Community meets to demystify hate groups
Published March 14, 2007
Geography professor Larry Brown used to be a member of the clergy in North Central Indiana. But after meeting two men named Les and Buzz, his career path changed drastically.
The two men, whom Brown met at a church he was a pastor at in Indiana, asked Brown not to speak about race or alcohol. Brown said he then asked them if they had had any race problems lately.
"Buzz and Les then filled me in on the history of how they and their fathers before them had kept their town white through fear, intimidation and violence," Brown said.
This conversation sparked Brown's later work on white nationalist groups across the United States.
Brown spoke to a group of more than 100 individuals on March 9 about his research of white nationalism, as well as other active groups' work. Brown's speech was part of the Sociology Colloquium Series. The series began this semester and allows various professors to give voluntary lectures about topics that are of interest to the public. Brown was the first non-sociology professor to speak as a part of the colloquium.
But Brown said his field of study and sociology are closely related. He said studying geography provides the additional element of place to the study of white nationalist groups and white supremacist groups.
"Place means honored, sacred spaces," Brown said. "They are infused with meaning and power."
Brown connected the idea of physical place and spaces made for white people to a formula he created while studying these groups. The four components included race, history, place and power.
Brown also listed common characteristics of white nationalist groups derived from his research and participant observation.
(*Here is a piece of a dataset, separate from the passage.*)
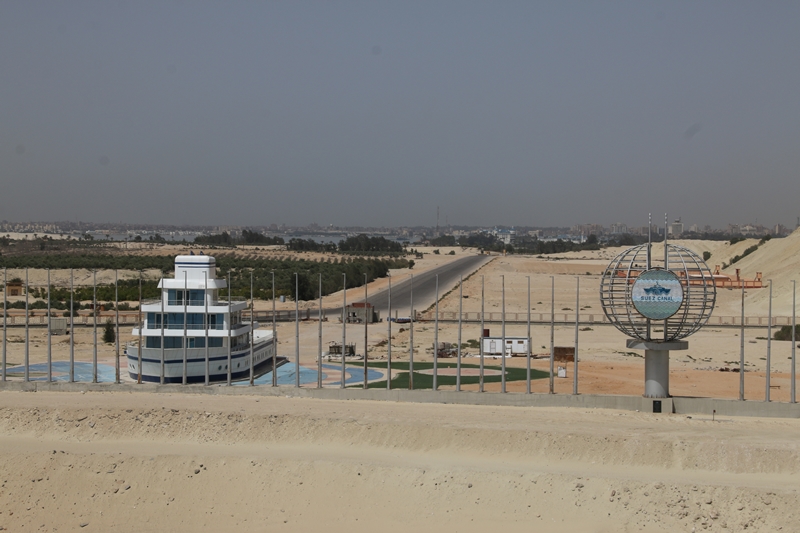 Fahrt durch den Sues-Kanal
Participant observation is a sociological method of research that allows an individual to learn about a community or way of life by immersing himself or herself into it and actively becoming part of that community.
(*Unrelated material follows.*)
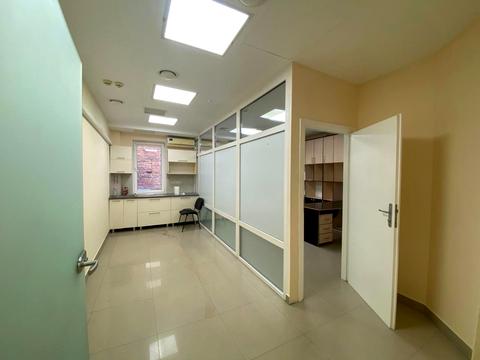 комерційна за адресою Басейна вул., 7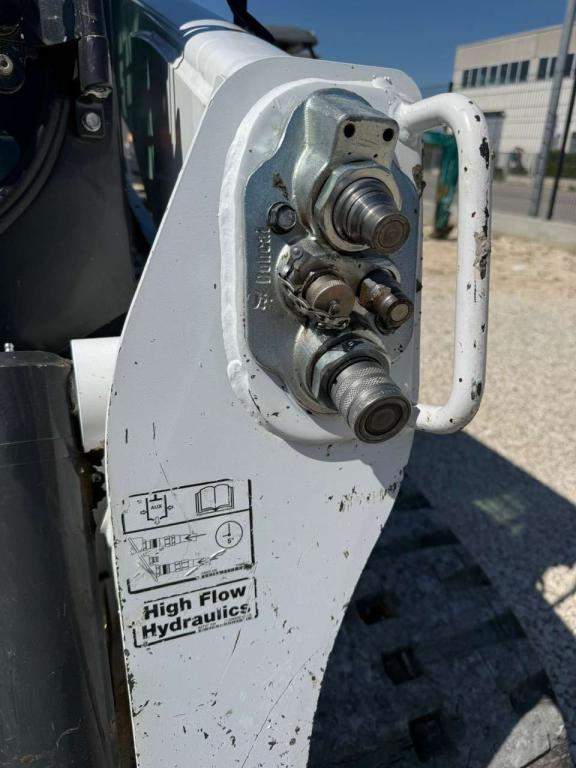 Bobcat T770 Photo 12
Brown said participant observation allowed him to match up the public identity of a group with the beliefs members espoused in private meetings.
From Brown's experience, this could either be rewarding with regard to his research, or it could be terrifying.
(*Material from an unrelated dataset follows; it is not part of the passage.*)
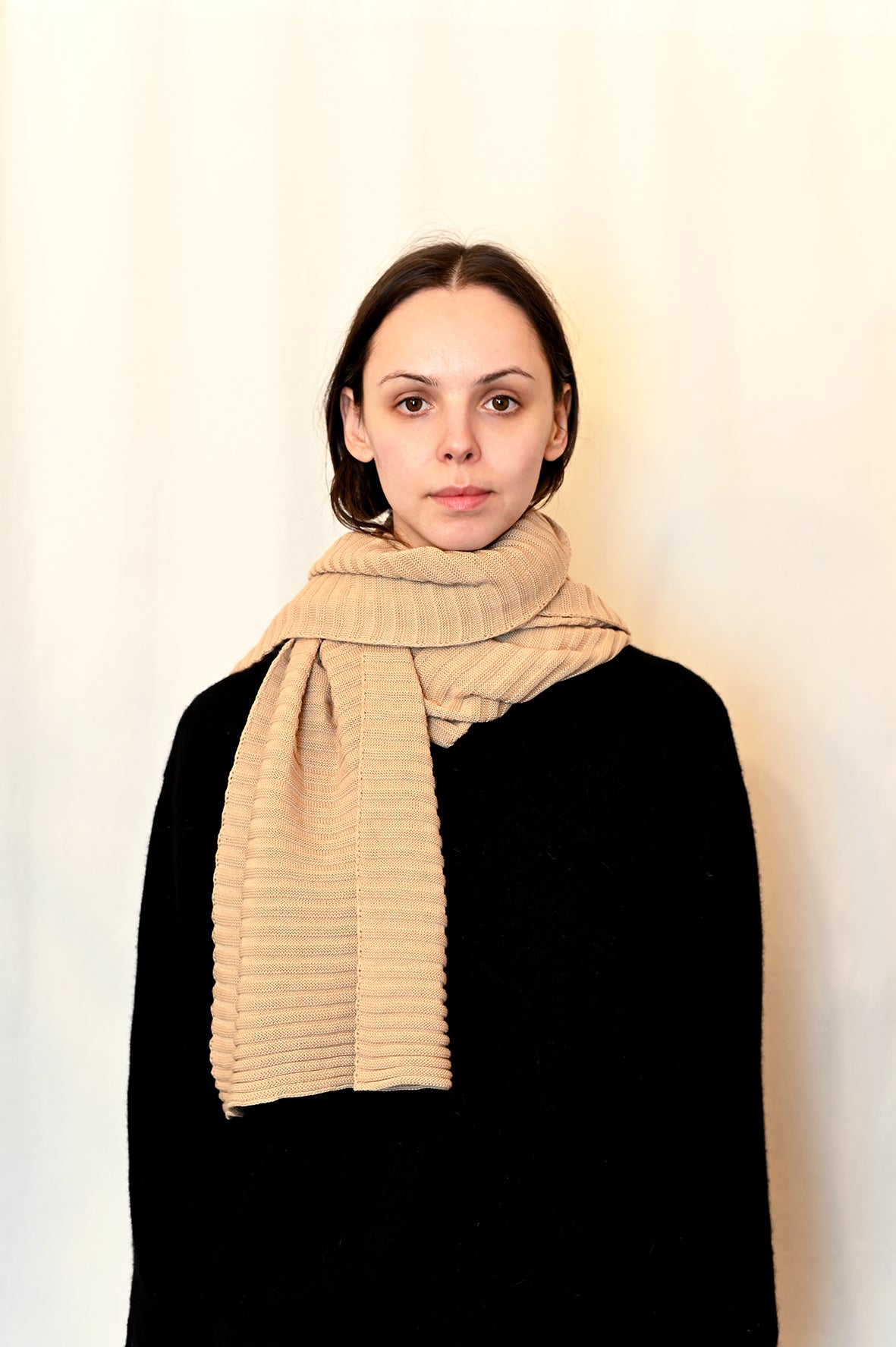 Warm long knitted scarf made from 100% organic cotton_circular fashion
One experience with the latter encouraged him to stay away from more violent groups.
"I did not go into the more hardcore, violent things," Brown said. "I made that mistake once. About halfway through the meeting, I realized I was one of two guys taking notes."
Brown said he had parked his vehicle far away from the building where the meeting was held. When he began walking to his car, he looked around him and saw the other man who had been taking notes was running to his car.
The characteristics Brown identified included whiteness versus non-whiteness, individuals of Jewish decent as the enemy, the necessity of whites to get the word out to other white people and the notion that we are living in violent, if not apocalyptic, times.
Although Brown's subject matter appeared timely, the topic had been decided long before the National Socialist Movement, a neo-Nazi organization, chose to march on the streets of Columbia.
"It was kind of serendipitous or ironic that Friday's speech turned out to be on white nationalism," sociology professor Wayne Brekhus said.
Brekhus attended Brown's lecture and also took part in alternative programming during the NSM march and attended the march itself.
"I sent some e-mails out encouraging people to go," Brekhus said. "But I didn't really have a part in the planning."
In light of current events, Brown's speech constantly changed until its delivery on Friday. The speech was geared more toward the NSM instead of the originally broad topic of white nationalist groups.
He included some information specific to the NSM and other similar groups.
"The National Socialist Movement has had a series of three leaders," Brown said.
He later specified that the organization has shown a great deal of youth empowerment, as NSM Leader Jeff Schoep was born in 1973.
"He most likely hasn't had any experience with Nazis," Brown said.
Current NSM members suggest that they are pan-American Nazis and use the same language and wear the same uniforms as the German Nazis did.
Brown also spoke about a "more palatable" brand of white nationalism, which appeals more to the public eye.
"They are far more willing now to enter mainstream politics," Brown said. "They can package their agenda to appear as Christian family values. What's new is the packaging, but what's old is the race, place, history and power."